TASK TO CARRY OUT: Nothing in the data should be left out or altered when it is retyped.
*** RECORDS PROVIDED ***
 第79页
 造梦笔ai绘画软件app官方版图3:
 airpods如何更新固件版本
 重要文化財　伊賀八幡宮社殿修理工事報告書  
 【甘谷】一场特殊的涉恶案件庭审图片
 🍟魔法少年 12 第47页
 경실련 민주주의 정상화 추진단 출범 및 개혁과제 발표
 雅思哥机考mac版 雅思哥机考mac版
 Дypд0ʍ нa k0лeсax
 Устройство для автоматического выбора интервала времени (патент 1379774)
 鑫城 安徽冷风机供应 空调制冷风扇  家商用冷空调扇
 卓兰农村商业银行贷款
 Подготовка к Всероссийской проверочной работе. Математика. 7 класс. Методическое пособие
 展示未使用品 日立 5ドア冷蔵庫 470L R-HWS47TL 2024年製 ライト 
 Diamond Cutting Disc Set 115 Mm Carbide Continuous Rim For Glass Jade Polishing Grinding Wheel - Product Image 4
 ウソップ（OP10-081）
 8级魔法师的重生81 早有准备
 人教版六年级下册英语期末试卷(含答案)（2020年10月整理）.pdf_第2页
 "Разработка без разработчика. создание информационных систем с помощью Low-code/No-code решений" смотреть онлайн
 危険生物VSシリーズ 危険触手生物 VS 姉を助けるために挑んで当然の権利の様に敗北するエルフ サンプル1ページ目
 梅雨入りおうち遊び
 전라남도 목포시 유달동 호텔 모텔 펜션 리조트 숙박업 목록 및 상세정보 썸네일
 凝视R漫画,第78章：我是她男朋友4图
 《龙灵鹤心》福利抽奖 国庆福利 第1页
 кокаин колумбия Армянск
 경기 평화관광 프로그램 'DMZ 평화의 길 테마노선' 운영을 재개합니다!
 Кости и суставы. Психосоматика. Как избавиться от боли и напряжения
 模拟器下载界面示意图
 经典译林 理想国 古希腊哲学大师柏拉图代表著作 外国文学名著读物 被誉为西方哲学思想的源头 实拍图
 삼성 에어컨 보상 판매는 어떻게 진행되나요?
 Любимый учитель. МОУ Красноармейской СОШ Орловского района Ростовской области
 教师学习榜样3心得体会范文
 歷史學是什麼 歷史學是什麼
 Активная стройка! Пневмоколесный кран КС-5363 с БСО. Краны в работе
*** End of RECORDS PROVIDED ***
TASK RESULT:
 第79页
 造梦笔ai绘画软件app官方版图3:
 airpods如何更新固件版本
 重要文化財　伊賀八幡宮社殿修理工事報告書  
 【甘谷】一场特殊的涉恶案件庭审图片
 🍟魔法少年 12 第47页
 경실련 민주주의 정상화 추진단 출범 및 개혁과제 발표
 雅思哥机考mac版 雅思哥机考mac版
 Дypд0ʍ нa k0лeсax
 Устройство для автоматического выбора интервала времени (патент 1379774)
 鑫城 安徽冷风机供应 空调制冷风扇  家商用冷空调扇
 卓兰农村商业银行贷款
 Подготовка к Всероссийской проверочной работе. Математика. 7 класс. Методическое пособие
 展示未使用品 日立 5ドア冷蔵庫 470L R-HWS47TL 2024年製 ライト 
 Diamond Cutting Disc Set 115 Mm Carbide Continuous Rim For Glass Jade Polishing Grinding Wheel - Product Image 4
 ウソップ（OP10-081）
 8级魔法师的重生81 早有准备
 人教版六年级下册英语期末试卷(含答案)（2020年10月整理）.pdf_第2页
 "Разработка без разработчика. создание информационных систем с помощью Low-code/No-code решений" смотреть онлайн
 危険生物VSシリーズ 危険触手生物 VS 姉を助けるために挑んで当然の権利の様に敗北するエルフ サンプル1ページ目
 梅雨入りおうち遊び
 전라남도 목포시 유달동 호텔 모텔 펜션 리조트 숙박업 목록 및 상세정보 썸네일
 凝视R漫画,第78章：我是她男朋友4图
 《龙灵鹤心》福利抽奖 国庆福利 第1页
 кокаин колумбия Армянск
 경기 평화관광 프로그램 'DMZ 평화의 길 테마노선' 운영을 재개합니다!
 Кости и суставы. Психосоматика. Как избавиться от боли и напряжения
 模拟器下载界面示意图
 经典译林 理想国 古希腊哲学大师柏拉图代表著作 外国文学名著读物 被誉为西方哲学思想的源头 实拍图
 삼성 에어컨 보상 판매는 어떻게 진행되나요?
 Любимый учитель. МОУ Красноармейской СОШ Орловского района Ростовской области
 教师学习榜样3心得体会范文
 歷史學是什麼 歷史學是什麼
 Активная стройка! Пневмоколесный кран КС-5363 с БСО. Краны в работе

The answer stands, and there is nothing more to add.